The cell surface signaling receptor low density lipoprotein related protein 5 (LRP5) has emerged as a key regulator of bone mass.(13) Recessive loss of function mutations in LRP5 cause Osteoporosis Pseudoglioma syndrome (OPPG), a disorder characterized by bone fragility and frequent pathologic fractures starting in childhood.(1) Dominant missense mutations in LRP5 have the opposite effect, resulting in increased bone mass and strength by preventing inhibition of the receptor by an endogenous inhibitor, Sclerostin.(27) Patients with mutations in the Sclerostin gene (SOST) or a nearby regulatory region have a phenotype similar to patients with LRP5 high bone mass (HBM) mutations, characterized by increased bone mass and strength.(8, 9) LRP5 activates the canonical Wnt signaling pathway. (1012) Signaling through LRP5 is known to be required for the increase in bone mass seen in response to mechanotransduction.(13) Further, osteocyte production of Sclerostin is reduced by mechanical loading and increased by hind limb unloading, suggesting Sclerostin acts on the LRP5 receptor to induce changes these changes in bone mass.(14)

1.1 LRP5 high bone mass mutations are anabolic

Mouse models with mutations orthologous to the human LRP5 HBM mutations recapitulate the phenotype of increased bone density and strength.(15) Mice with an Lrp5 HBM mutation have increased bone formation compared to littermate controls indicating the mutation is anabolic, inducing bone formation.

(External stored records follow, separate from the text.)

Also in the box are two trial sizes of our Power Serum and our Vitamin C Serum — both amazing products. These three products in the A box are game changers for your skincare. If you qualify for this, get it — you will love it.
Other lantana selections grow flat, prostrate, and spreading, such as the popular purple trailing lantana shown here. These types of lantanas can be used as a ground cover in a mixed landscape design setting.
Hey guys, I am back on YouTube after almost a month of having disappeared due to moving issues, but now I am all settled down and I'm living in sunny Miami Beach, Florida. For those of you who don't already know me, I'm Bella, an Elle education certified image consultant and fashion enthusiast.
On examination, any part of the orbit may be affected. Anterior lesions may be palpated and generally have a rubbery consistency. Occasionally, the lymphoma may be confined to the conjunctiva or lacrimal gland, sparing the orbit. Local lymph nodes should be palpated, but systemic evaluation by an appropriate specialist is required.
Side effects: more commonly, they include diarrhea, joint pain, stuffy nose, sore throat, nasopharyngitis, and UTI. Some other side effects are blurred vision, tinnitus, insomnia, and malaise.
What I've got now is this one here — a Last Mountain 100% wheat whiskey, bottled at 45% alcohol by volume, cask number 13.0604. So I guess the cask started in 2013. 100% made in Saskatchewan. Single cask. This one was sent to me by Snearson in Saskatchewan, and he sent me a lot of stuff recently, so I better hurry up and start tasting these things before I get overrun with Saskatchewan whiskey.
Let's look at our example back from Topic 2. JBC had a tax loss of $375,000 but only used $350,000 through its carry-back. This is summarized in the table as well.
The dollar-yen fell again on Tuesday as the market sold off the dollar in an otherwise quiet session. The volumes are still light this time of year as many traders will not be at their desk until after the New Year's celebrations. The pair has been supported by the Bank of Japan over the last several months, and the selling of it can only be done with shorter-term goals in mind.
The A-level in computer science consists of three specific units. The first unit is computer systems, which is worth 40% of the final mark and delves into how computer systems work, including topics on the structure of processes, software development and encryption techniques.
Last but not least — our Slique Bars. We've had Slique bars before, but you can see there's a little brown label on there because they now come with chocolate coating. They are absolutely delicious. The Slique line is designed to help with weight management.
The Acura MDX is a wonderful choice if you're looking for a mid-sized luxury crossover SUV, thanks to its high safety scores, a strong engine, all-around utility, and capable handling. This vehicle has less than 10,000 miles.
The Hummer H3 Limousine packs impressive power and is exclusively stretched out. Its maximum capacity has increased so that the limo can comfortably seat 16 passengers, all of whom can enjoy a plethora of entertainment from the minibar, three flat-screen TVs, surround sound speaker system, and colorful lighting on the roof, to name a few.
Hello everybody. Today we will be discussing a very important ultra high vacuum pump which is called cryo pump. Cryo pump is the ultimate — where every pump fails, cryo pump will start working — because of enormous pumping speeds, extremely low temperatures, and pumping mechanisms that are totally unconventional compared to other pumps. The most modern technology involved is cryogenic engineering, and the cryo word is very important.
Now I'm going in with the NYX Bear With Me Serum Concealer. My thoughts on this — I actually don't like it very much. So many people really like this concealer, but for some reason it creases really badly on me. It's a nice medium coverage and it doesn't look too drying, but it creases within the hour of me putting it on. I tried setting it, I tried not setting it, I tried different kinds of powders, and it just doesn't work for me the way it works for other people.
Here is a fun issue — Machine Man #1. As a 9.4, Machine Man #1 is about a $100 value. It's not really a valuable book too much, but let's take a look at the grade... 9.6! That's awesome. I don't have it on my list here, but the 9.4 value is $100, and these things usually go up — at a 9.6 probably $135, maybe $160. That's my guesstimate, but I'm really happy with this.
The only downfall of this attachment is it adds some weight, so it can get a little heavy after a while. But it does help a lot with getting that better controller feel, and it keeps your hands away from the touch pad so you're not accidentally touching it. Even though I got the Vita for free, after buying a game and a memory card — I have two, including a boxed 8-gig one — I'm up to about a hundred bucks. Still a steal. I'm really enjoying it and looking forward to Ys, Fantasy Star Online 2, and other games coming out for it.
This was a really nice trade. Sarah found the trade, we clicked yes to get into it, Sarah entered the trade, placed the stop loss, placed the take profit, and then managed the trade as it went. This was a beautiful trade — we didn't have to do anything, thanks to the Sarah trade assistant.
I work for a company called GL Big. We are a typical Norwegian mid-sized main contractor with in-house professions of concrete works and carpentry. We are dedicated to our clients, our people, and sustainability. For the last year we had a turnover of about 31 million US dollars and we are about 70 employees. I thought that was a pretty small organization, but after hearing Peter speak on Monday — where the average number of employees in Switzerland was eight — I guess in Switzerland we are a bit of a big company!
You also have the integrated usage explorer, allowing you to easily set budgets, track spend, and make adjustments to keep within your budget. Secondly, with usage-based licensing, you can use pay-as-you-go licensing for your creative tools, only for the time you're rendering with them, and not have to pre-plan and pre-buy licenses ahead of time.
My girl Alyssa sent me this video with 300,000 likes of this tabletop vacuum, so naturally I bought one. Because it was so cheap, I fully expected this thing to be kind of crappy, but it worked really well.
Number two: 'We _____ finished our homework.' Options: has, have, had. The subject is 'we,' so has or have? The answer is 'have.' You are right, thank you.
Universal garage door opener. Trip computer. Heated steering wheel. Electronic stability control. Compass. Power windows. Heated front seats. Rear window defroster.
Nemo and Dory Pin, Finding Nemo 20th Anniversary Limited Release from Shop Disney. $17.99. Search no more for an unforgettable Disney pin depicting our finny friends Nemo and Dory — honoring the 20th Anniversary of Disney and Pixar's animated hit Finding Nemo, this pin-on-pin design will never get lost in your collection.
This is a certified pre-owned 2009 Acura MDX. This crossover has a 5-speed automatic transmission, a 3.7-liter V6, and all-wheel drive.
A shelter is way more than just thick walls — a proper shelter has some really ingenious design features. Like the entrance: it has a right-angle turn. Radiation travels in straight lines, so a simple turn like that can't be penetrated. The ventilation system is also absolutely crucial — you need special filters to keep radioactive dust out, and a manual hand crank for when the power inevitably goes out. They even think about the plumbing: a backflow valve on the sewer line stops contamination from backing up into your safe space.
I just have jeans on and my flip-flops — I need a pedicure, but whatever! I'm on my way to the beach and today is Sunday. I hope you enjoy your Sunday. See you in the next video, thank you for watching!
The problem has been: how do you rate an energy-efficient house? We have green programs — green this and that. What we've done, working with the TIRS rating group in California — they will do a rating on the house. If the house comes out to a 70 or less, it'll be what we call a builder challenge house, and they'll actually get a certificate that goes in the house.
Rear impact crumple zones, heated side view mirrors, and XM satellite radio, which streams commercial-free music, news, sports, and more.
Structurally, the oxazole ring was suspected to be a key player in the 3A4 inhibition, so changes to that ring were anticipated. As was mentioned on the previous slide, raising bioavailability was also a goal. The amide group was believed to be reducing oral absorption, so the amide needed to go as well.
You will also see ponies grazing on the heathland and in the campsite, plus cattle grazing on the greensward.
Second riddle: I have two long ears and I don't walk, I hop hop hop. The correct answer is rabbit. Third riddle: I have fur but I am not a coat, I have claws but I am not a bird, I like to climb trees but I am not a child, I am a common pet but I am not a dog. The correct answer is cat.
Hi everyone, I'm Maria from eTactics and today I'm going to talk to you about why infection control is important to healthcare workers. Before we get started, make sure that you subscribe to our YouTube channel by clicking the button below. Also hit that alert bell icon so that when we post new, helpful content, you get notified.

Furthermore, these mutations act locally to increase bone formation, consistent with the known production of Sclerostin by osteocytes.(15)

1.2 Sclerostin antibody therapy

Sclerostin neutralizing antibodies have been shown to be effective in improving bone density in both animal models (1618) and humans with postmenopausal osteoporosis.(1925) Interestingly, a short (5–week) period of Sclerostin antibody treatment in both ovariectomized mice and adolescent cynomolgus monkeys caused an increase in bone formation and reduction in bone resorption.(26) In post-menopausal women treated with Sclerostin antibody, markers of bone formation were initially increased with treatment before returning to baseline while markers of bone turnover were decreased and remained below that of the placebo group.(22, 25) These data suggest that at least in both normal bone and post-menopausal osteoporosis, Sclerostin inhibition is both anabolic and anti-resorptive, mirroring the effect on bone of increased loading. Similar improvements in bone density from Sclerostin antibody therapy have been seen in mouse and rat models of disuse related bone loss and spinal cord injury (2731). These exciting findings raised the question of whether anabolic Sclerostin antibody therapy could be equally effective at treating genetic and metabolic disorders of bone. Currently therapies for these disorders are limited, particularly in the pediatric population, as the other anabolic medical therapy, recombinant parathyroid hormone, is not used due to the risk of osteosarcoma.(32)

2. Osteoporosis Pseudoglioma Syndrome (OPPG)

OPPG is a rare recessive disorder characterized by bone fragility and eye findings. Bone resorptive activity in these patients is normal, but bone formation is greatly reduced, resulting in bone density scores more than 5 standard deviations below the mean.(1) The finding of reduced bone formation suggested these patients would benefit from an anabolic therapy. However, as the causative mutations result in loss of function of the LRP5 receptor, it was unclear if Sclerostin neutralizing therapy would be effective. Surprisingly, loss of the function of both alleles of the Sost gene resulted in large increases in bone density and strength of an OPPG mouse model with recessive loss of function mutations in Lrp5, fully rescuing the phenotype.(33, 34) In addition, 3 weeks of therapy with Sclerostin neutralizing antibody increased bone mass and formation rates in the same model.(33)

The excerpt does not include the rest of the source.